→ **EXERCISE DATA**

- Opening Delimiter -

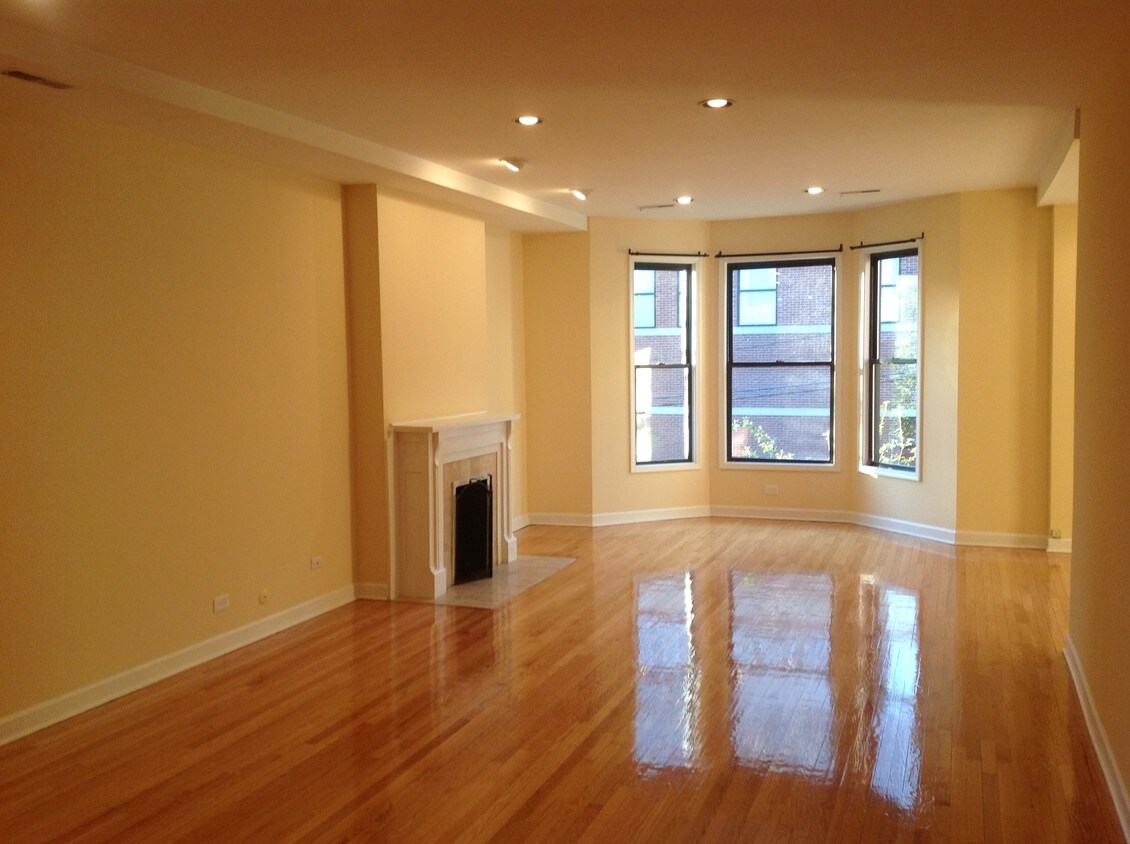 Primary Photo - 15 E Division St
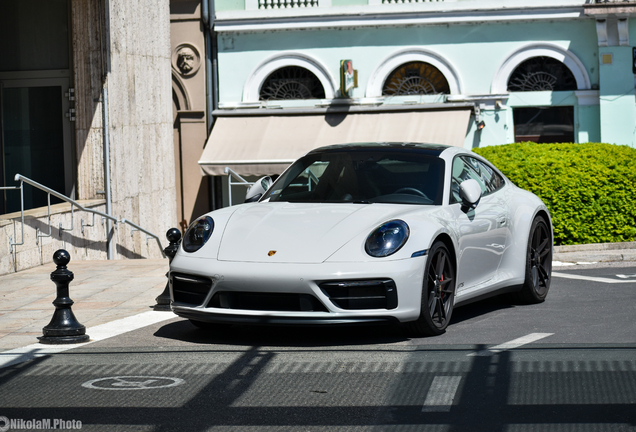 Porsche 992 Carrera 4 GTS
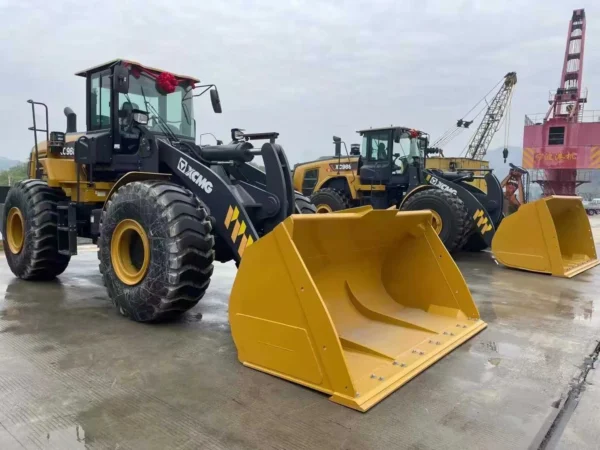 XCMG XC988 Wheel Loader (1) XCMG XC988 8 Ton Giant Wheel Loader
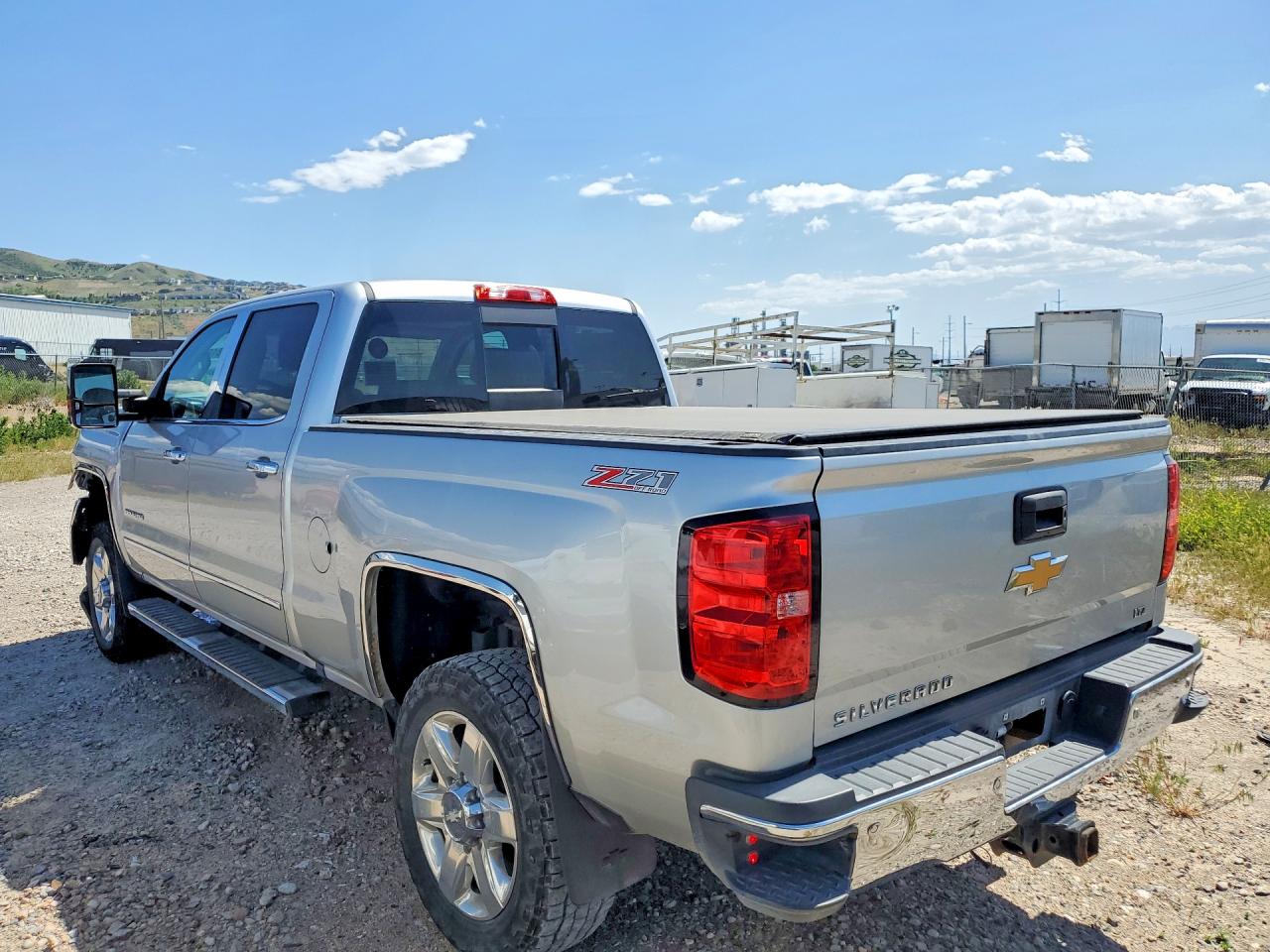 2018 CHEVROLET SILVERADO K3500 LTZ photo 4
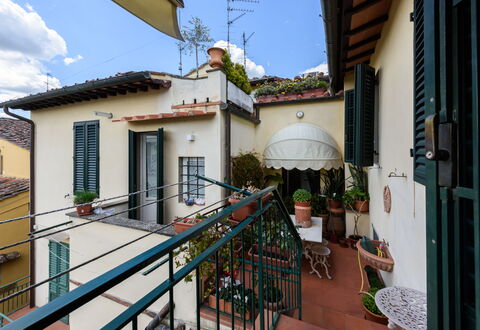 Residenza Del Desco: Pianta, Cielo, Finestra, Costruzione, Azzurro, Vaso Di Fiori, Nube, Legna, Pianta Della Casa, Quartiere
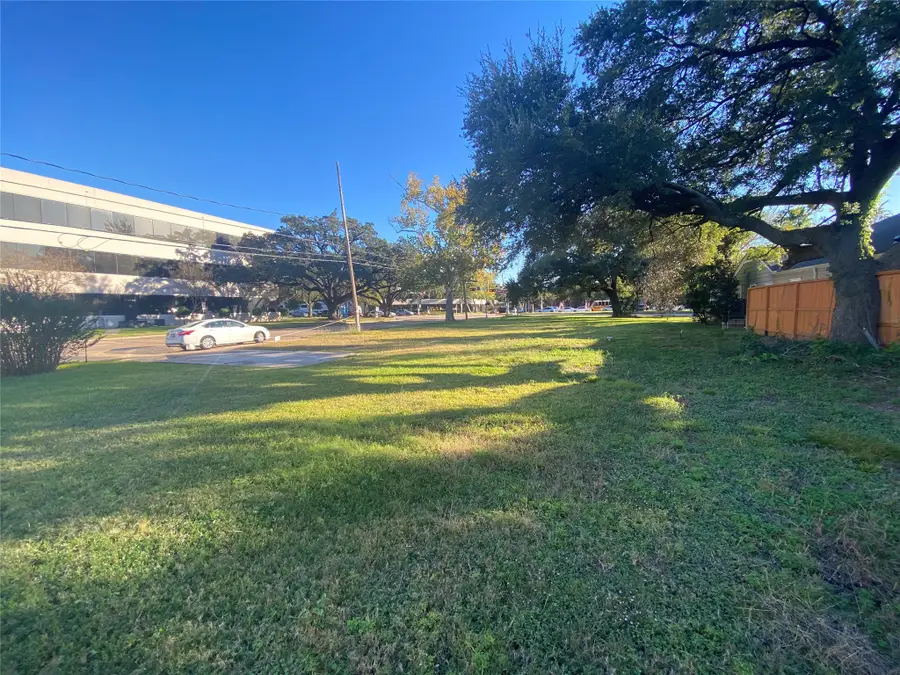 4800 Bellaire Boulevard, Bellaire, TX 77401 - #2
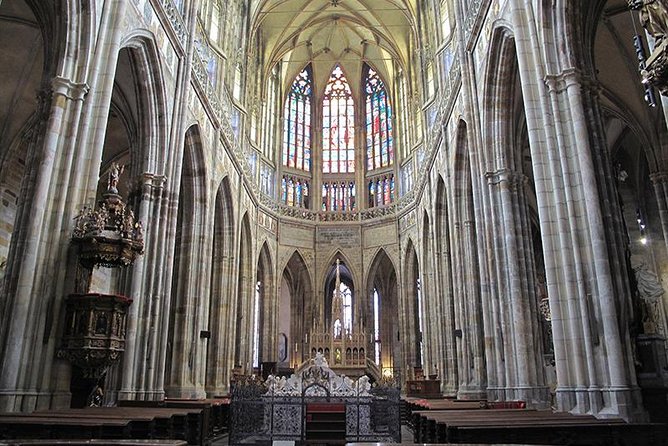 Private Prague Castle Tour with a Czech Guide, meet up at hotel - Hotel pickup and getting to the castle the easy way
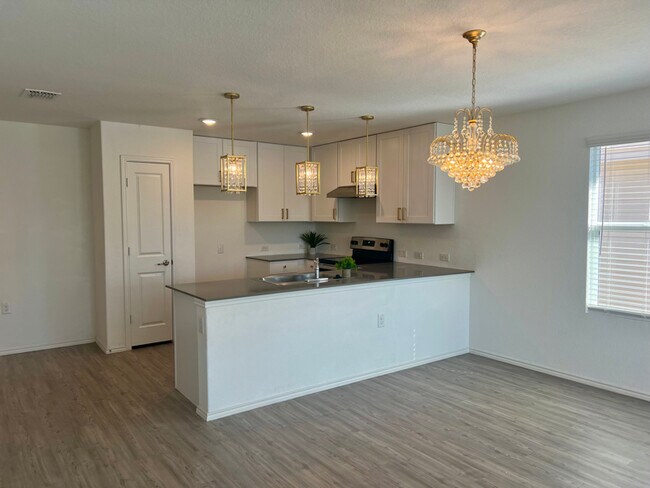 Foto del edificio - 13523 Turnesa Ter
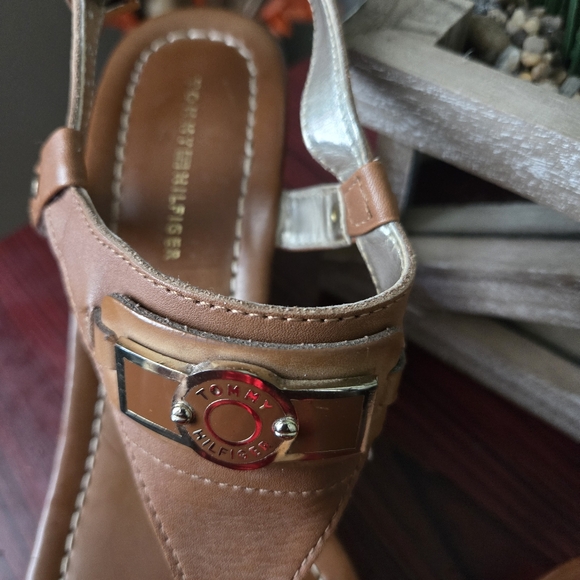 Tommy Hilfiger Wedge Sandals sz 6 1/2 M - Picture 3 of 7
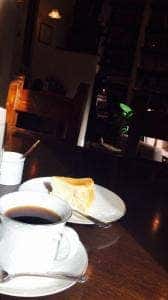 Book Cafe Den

- Closing Delimiter -

→ **ASSIGNED TASK**
Keep the pictures out and transcribe the listing exactly.

→ **ANSWER BOX**
 Primary Photo - 15 E Division St
 Porsche 992 Carrera 4 GTS
 XCMG XC988 Wheel Loader (1) XCMG XC988 8 Ton Giant Wheel Loader
 2018 CHEVROLET SILVERADO K3500 LTZ photo 4
 Residenza Del Desco: Pianta, Cielo, Finestra, Costruzione, Azzurro, Vaso Di Fiori, Nube, Legna, Pianta Della Casa, Quartiere
 4800 Bellaire Boulevard, Bellaire, TX 77401 - #2
 Private Prague Castle Tour with a Czech Guide, meet up at hotel - Hotel pickup and getting to the castle the easy way
 Foto del edificio - 13523 Turnesa Ter
 Tommy Hilfiger Wedge Sandals sz 6 1/2 M - Picture 3 of 7
 Book Cafe Den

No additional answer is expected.